## Information:
+--

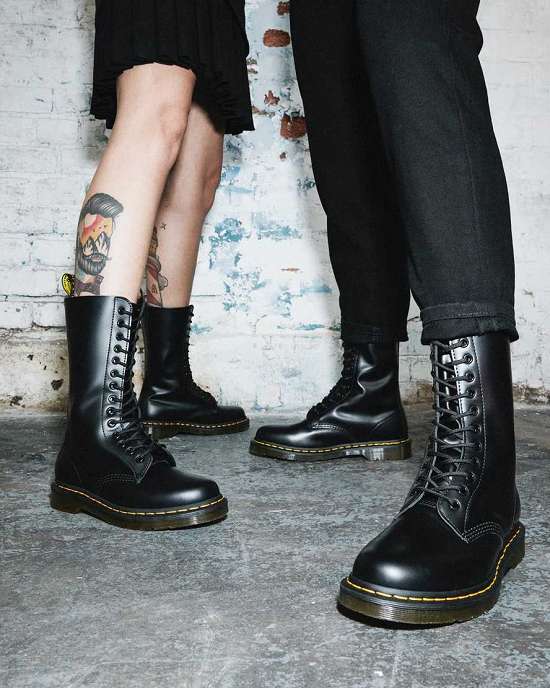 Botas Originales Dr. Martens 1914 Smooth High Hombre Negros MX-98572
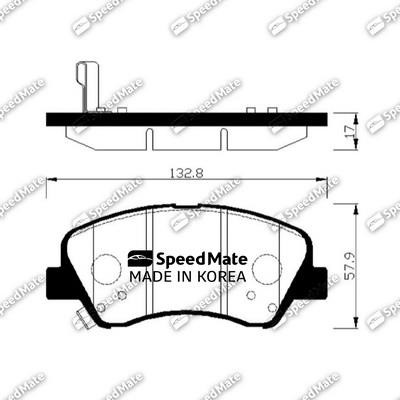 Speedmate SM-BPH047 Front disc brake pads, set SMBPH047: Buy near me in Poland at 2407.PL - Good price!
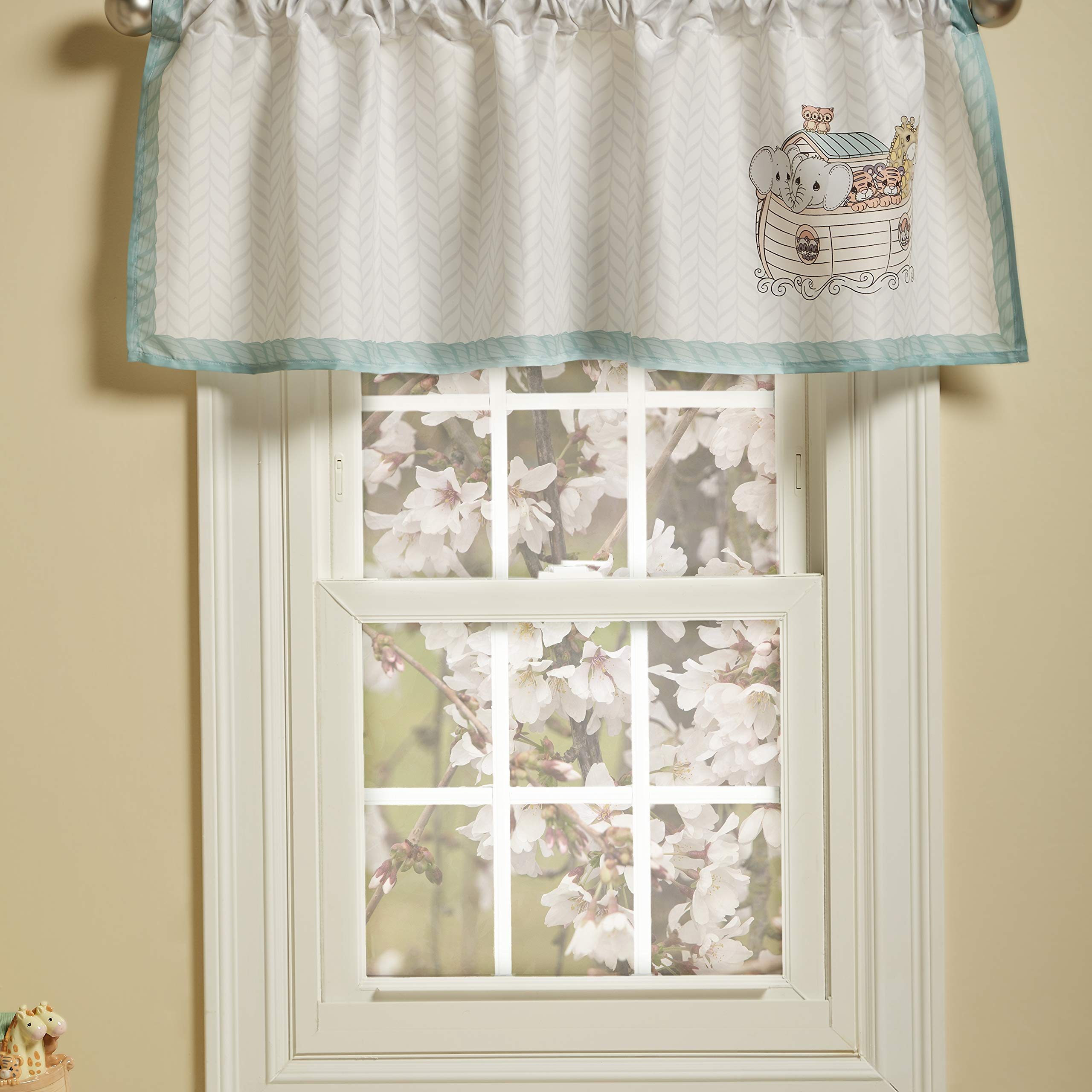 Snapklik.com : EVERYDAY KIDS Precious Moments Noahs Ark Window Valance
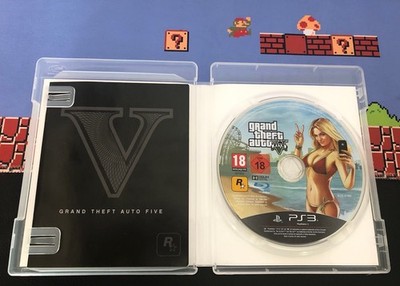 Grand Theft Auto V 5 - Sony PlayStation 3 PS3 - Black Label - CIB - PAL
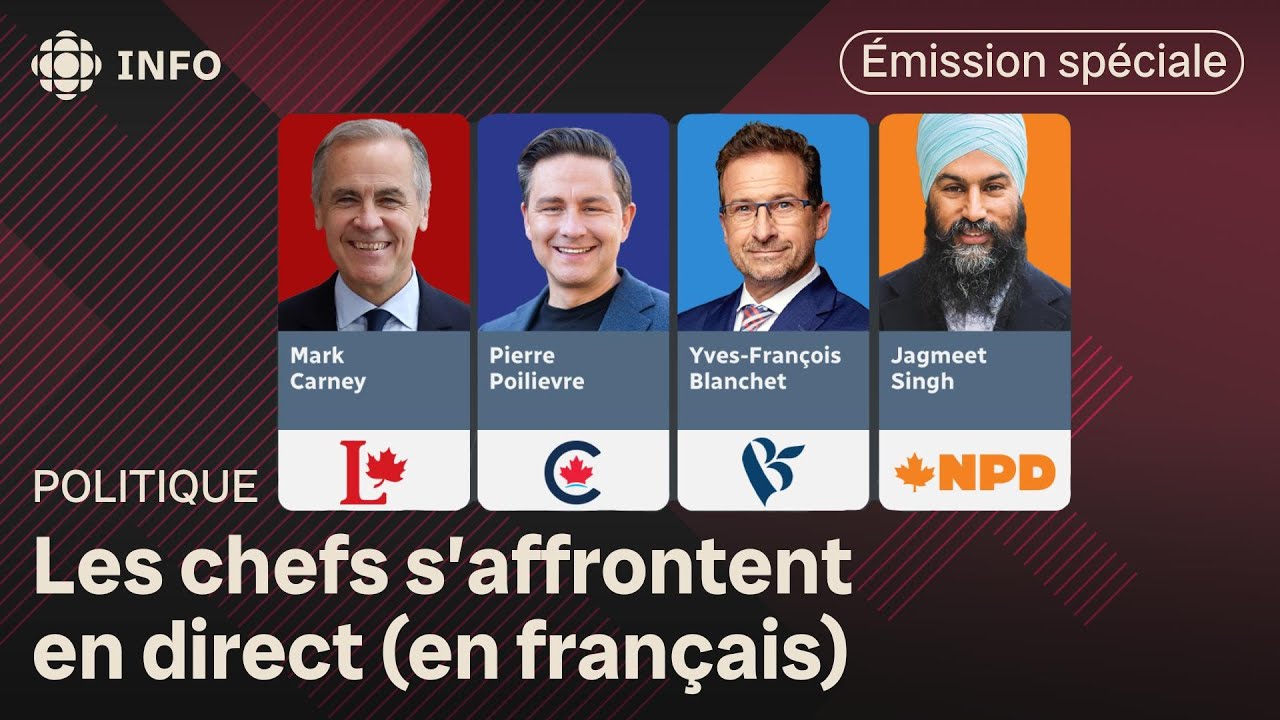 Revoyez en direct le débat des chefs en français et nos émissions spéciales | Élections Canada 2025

+--

Repeat exactly the stretch of the listing above that starts with the line holding "Speedmate SM-BPH047 Front" and finishes with the line holding "Grand Theft Auto", both included. Skip every picture.

 Speedmate SM-BPH047 Front disc brake pads, set SMBPH047: Buy near me in Poland at 2407.PL - Good price!
 Snapklik.com : EVERYDAY KIDS Precious Moments Noahs Ark Window Valance
 Grand Theft Auto V 5 - Sony PlayStation 3 PS3 - Black Label - CIB - PAL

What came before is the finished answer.